> **Required action**
Nothing but the lines from the one with "Next Relaxed Fit" through the final line of the entries should appear in the answer, copied exactly and without pictures.

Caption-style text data

=== Begin Enclosure ===

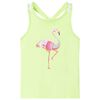 Tanktop til b&oslash;rn str. 128 neongul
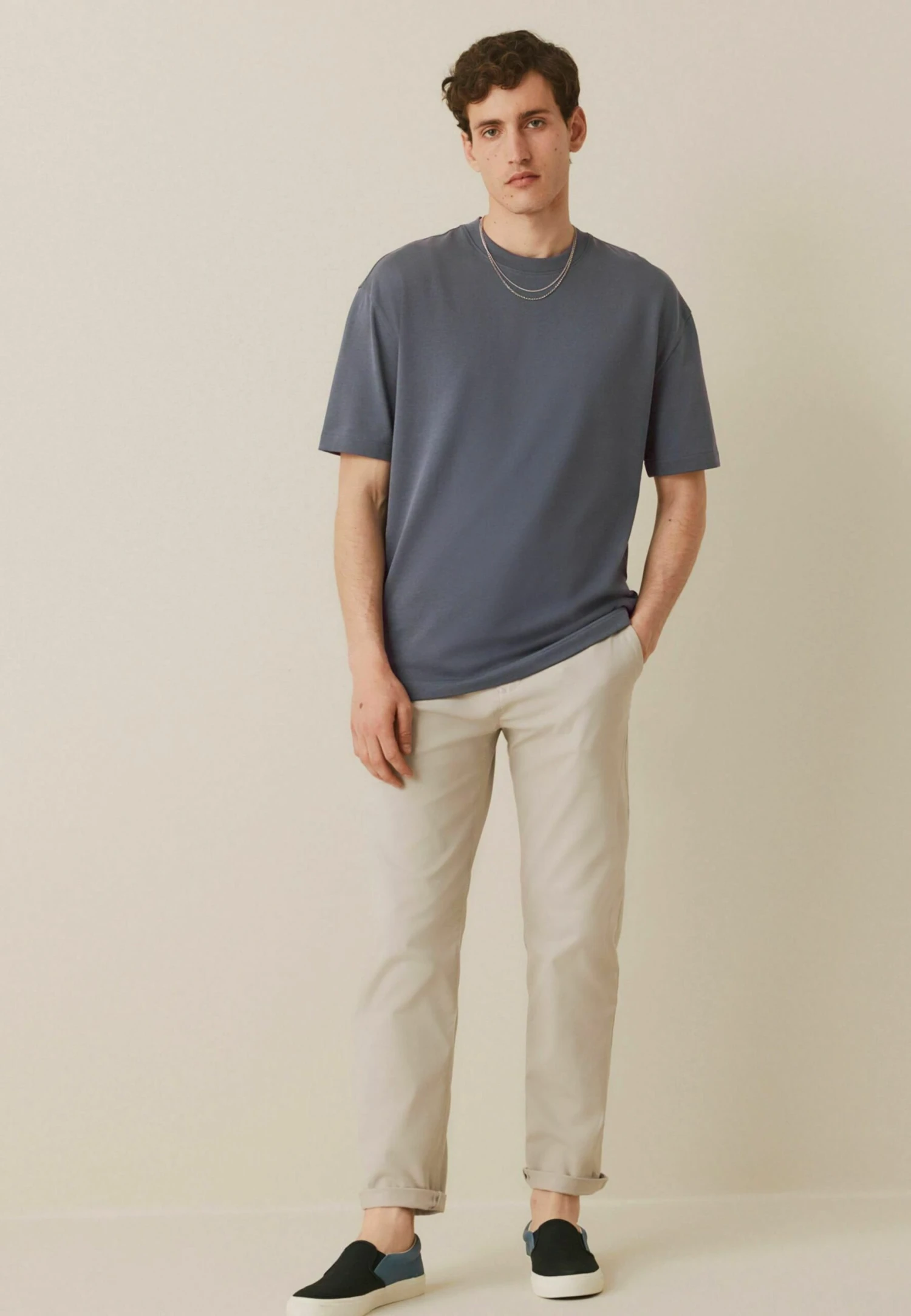 Next Relaxed Fit Heavyweight- T-Shirt Basic - Grey - Afbeelding 2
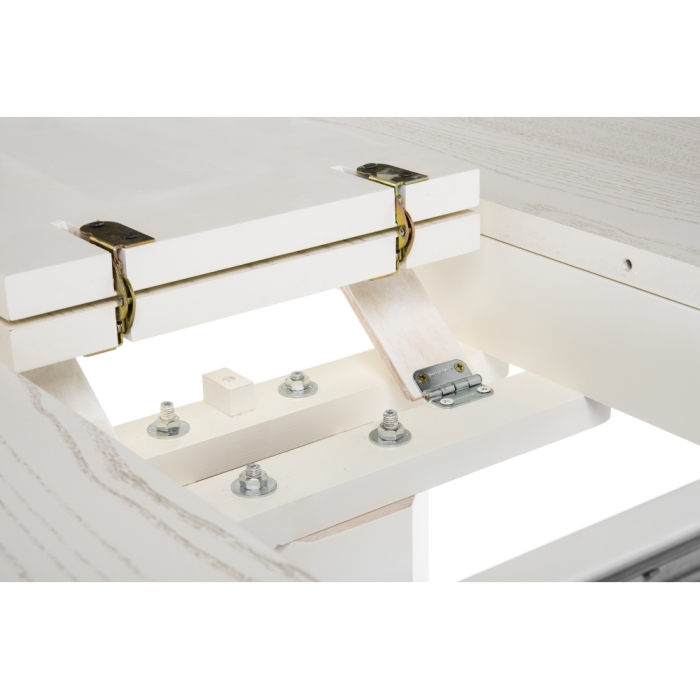 Деревянный стол Павия 100(130)х100х79 молочный с золотой патиной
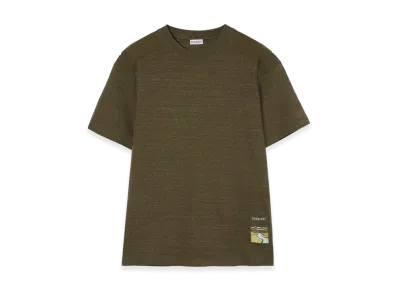 Burberry Landscape Label Cotton Tee "Thorn Green Melange"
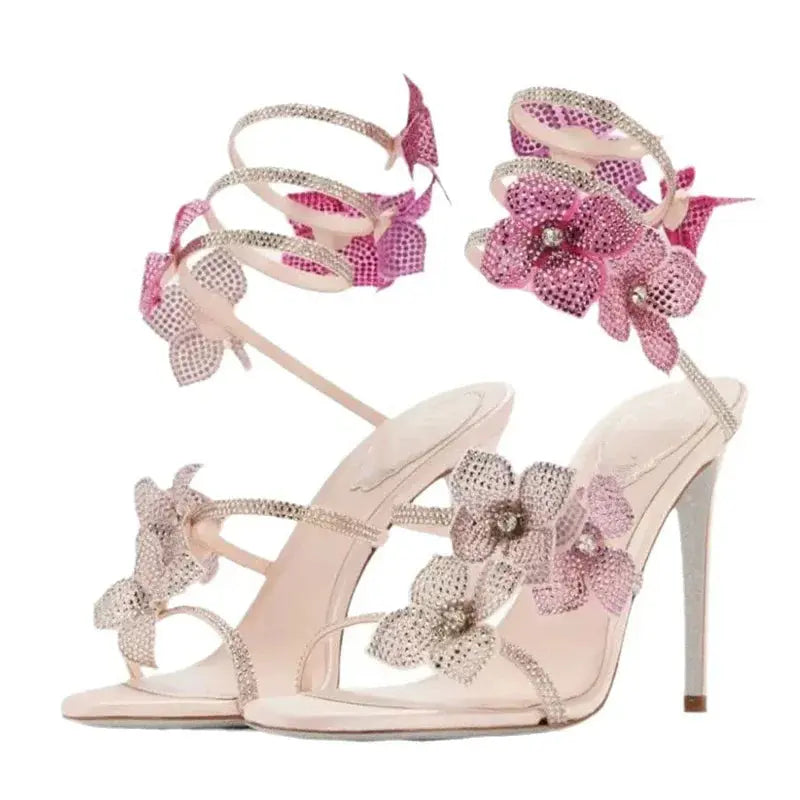 Eilyken Street Style CRYSTAL Flower Thin Heels Women Sandals Sexy Narrow Band Ankle Strap Ladies Shoes Zapatos De Mujer - Lady T Fashions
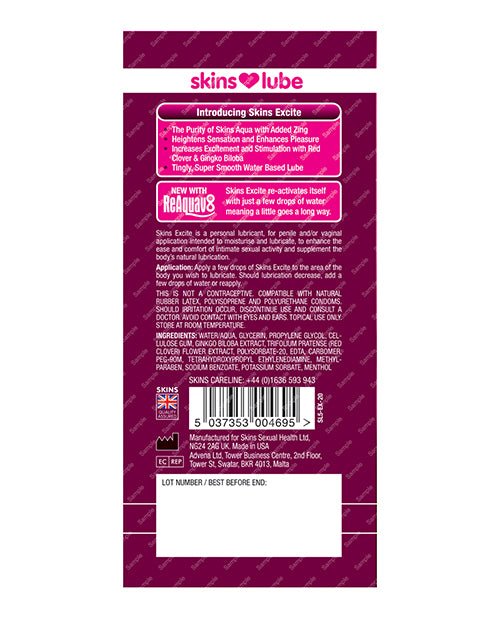 Skins Excite Water Based Lubricant - 5 Ml Foil - LUST Depot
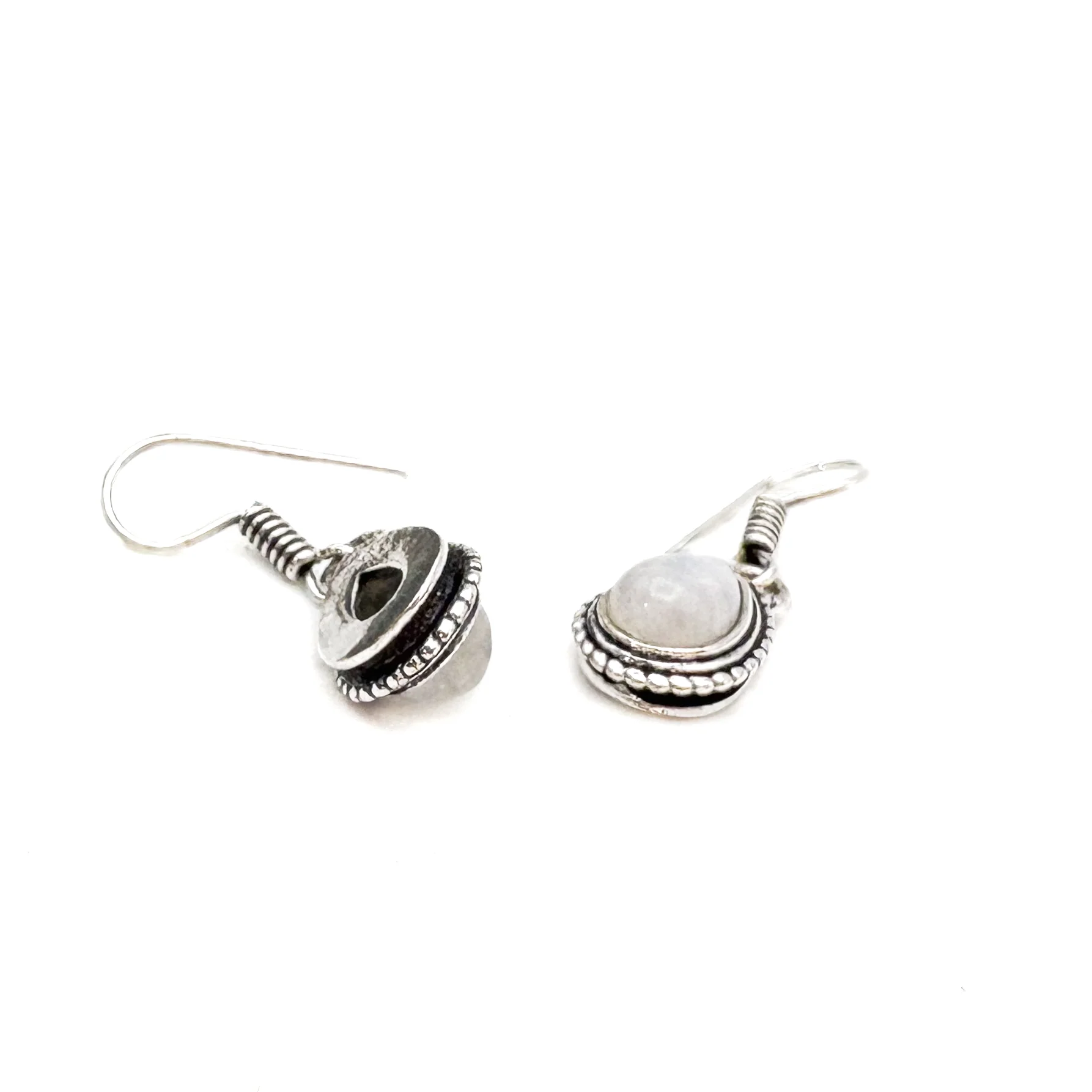 Moonstone Small Teardrop White Brass Earrings - Image 9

=== End Enclosure ===

> **Answer for the task**
 Next Relaxed Fit Heavyweight- T-Shirt Basic - Grey - Afbeelding 2
 Деревянный стол Павия 100(130)х100х79 молочный с золотой патиной
 Burberry Landscape Label Cotton Tee "Thorn Green Melange"
 Eilyken Street Style CRYSTAL Flower Thin Heels Women Sandals Sexy Narrow Band Ankle Strap Ladies Shoes Zapatos De Mujer - Lady T Fashions
 Skins Excite Water Based Lubricant - 5 Ml Foil - LUST Depot
 Moonstone Small Teardrop White Brass Earrings - Image 9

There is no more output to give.